Historical building in Lima, Peru

The Royal College of the University of San Marcos (Colegio Real de la Universidad Nacional Mayor de San Marcos, CRSM), also known by its former name of Royal College of San Felipe (Colegio Real San Felipe), is a historic building in the Barrios Altos neighbourhood of Lima, Peru. It's one of two cultural centres operated by the University of San Marcos.

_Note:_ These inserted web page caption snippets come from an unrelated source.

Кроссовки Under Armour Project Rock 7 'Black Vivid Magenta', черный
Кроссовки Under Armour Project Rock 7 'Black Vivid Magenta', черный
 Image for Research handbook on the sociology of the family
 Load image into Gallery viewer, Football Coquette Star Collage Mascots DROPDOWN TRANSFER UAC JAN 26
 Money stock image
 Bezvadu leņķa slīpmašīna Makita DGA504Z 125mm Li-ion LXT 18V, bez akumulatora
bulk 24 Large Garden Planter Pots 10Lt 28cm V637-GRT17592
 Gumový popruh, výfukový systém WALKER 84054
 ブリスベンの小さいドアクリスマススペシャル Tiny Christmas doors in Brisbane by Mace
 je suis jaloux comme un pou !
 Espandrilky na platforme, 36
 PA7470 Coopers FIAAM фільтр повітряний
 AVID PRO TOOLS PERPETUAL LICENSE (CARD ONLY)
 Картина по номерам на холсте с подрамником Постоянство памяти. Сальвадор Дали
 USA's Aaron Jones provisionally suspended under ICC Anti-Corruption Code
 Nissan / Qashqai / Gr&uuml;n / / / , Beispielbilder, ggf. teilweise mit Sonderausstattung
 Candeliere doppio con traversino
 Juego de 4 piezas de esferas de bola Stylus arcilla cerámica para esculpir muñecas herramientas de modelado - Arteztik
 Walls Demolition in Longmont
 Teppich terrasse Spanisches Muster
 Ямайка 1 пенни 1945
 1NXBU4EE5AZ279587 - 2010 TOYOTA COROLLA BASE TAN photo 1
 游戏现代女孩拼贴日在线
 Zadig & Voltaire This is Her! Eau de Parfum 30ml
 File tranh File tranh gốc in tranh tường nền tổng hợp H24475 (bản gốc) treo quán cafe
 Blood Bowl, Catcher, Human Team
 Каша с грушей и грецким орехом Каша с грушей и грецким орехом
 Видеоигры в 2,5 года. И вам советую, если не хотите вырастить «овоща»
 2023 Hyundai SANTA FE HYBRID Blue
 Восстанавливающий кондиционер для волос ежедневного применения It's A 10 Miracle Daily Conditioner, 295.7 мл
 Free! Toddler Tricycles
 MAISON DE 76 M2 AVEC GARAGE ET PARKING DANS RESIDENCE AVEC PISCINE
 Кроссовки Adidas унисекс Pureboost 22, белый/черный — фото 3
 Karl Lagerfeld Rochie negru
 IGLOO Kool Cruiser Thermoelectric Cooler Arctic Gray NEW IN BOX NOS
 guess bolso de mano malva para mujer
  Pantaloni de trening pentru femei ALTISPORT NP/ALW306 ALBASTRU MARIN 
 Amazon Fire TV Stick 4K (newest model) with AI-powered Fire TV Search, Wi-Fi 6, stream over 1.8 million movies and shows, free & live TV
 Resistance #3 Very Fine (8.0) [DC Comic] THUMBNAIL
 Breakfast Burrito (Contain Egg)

The premises of the Royal College date back to the colonial period, and are located next to the Congress of Peru. It is made up of three departments of the university: The Institute of Applied Linguistics "CILA", the "Domingo Angulo" Historical Archive, and the Andean Rural History Seminar. Exhibitions and displays are held regularly, which mainly take place in the exhibition hall of the building.

==History==
The Royal College of San Felipe and San Marcos was inaugurated on June 28, 1592, by Viceroy García Hurtado de Mendoza, 5th Marquis of Cañete. After the expulsion of the Jesuits in 1767, the building was used as a military barracks from 1781 to the early republican era. In 1860, it became the School of Arts and Crafts (Escuela de Artes y Oficios), and in 1960, under the rectorship of Luis Alberto Sánchez, it became property of the university. It was declared part of the Cultural heritage of Peru in 1972. The School of Arts and Crafts later moved to Grau Avenue.